I thought it would be interesting to find out more about the way animals eat, so I reached out to Bruce Rengers, Ph.D., R.D., a professor at Metropolitan State College of Denver and a former zoo employee, and Jennifer Watts, a nutritionist at the Brookfield Zoo in Chicago. Here's what I learned:
What are common weight-gain issues that animals share with humans?
Bruce Rengers: Some—but certainly not all—animals, when they are sedentary and have easy access to food, such as in a zoo, definitely do become obese. The best example I have seen is orangutans. In the wild they are arboreal animals that move over large distances. It is hard to replicate that lifestyle in a zoo, so orangutans become obese and sometimes develop Type II diabetes. I did not observe this with gorillas, however, even though the zoo gorillas lived in exactly the same type of environment and had the same food. There were other animals that were obese or overweight in the zoo, and we spent time making special diets to help them lose weight.

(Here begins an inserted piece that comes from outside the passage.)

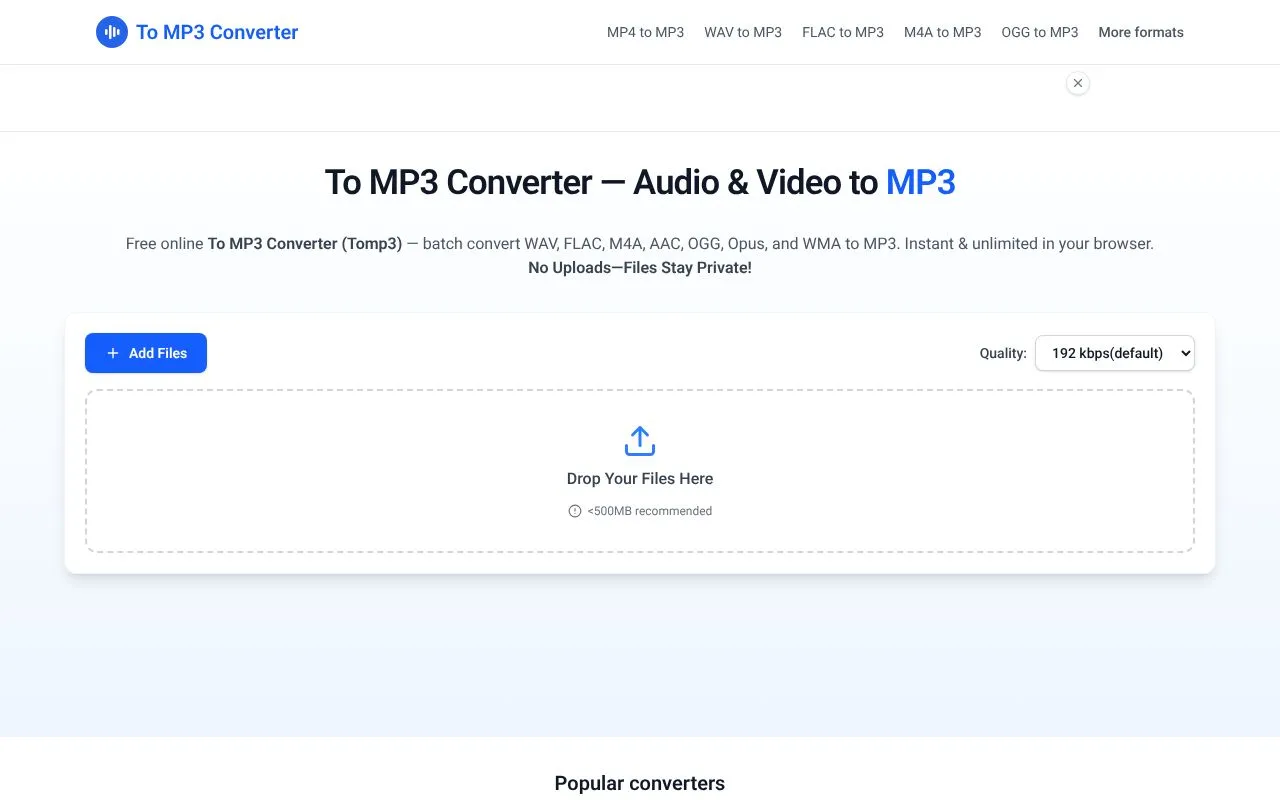 To MP3 Converter homepage screenshot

There is a concern in zoos about what animals eat. People always want to feed zoo animals or pets the kinds of "seductive" foods we eat as humans. Feeding animals highly refined, sugary, fatty human foods (or natural foods that are high in fat) can cause them to start rejecting their normal foods. There is, for example, concern about giving birds nuts and seeds that are very high in fat because they will then start rejecting their normal seeds and other foods that are not so high in fat.

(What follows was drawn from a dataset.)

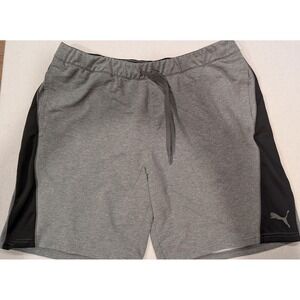 Puma Mens Athletic Shorts Gray Black Mesh Logo Drawstring Waist XL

How often do animals eat? I'm sure all animals are different, but is there an overall theme or pattern?
Jennifer Watts: Most animals are fed twice a day. Animals with faster metabolisms (passerine birds, for example) must have food throughout the day, while animals with slower metabolisms (snakes, alligators, etc.) eat only once or twice per week, or even every other week. Ruminants (camels, giraffes, bison, cattle, etc.) cannot be offered one grain meal per day; it must be spread out to two or three meals to avoid rumen acidosis. They must also have access to hay or grass most of the day to maintain rumen health.

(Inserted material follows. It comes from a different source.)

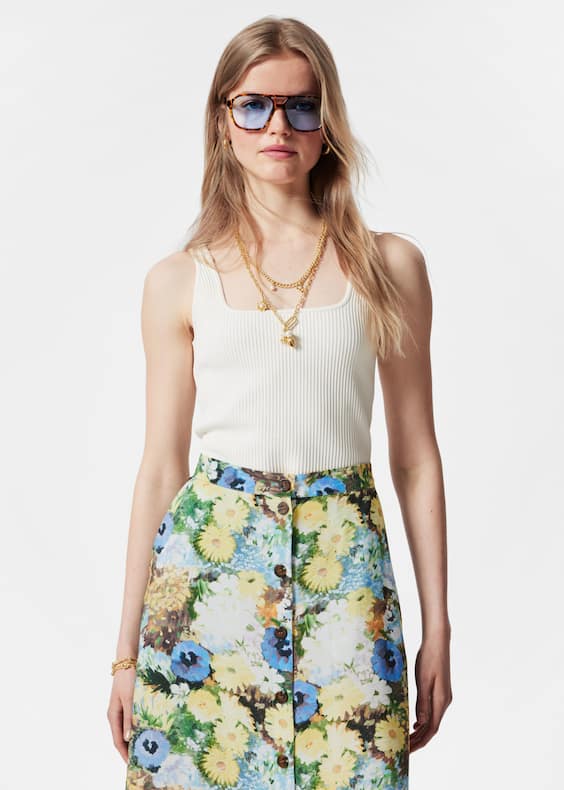 Buttoned A-Line Midi Skirt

For most carnivores we institute a "fasting day" or "bone day" when they don't get their normal amount of food. This strategy replicates the way the animals would eat naturally. Most zoos, however, cannot duplicate true natural feeding—i.e., feeding a lion 30 pounds of meat then letting it fast for five to six days—because this would not provide consistent behavior from the animal for training and evacuating.
We need most animals to evacuate reliably so that keepers can clean the exhibit, remove the animal from the exhibit to do a physical/visual check and examine the exhibit. Any animal that needs to move from its exhibit area to a behind-the-scenes holding area usually has the "good stuff" saved for its evening meal, because if the animal knows that it's going to get something good afterwards, it will be more compliant about moving inside.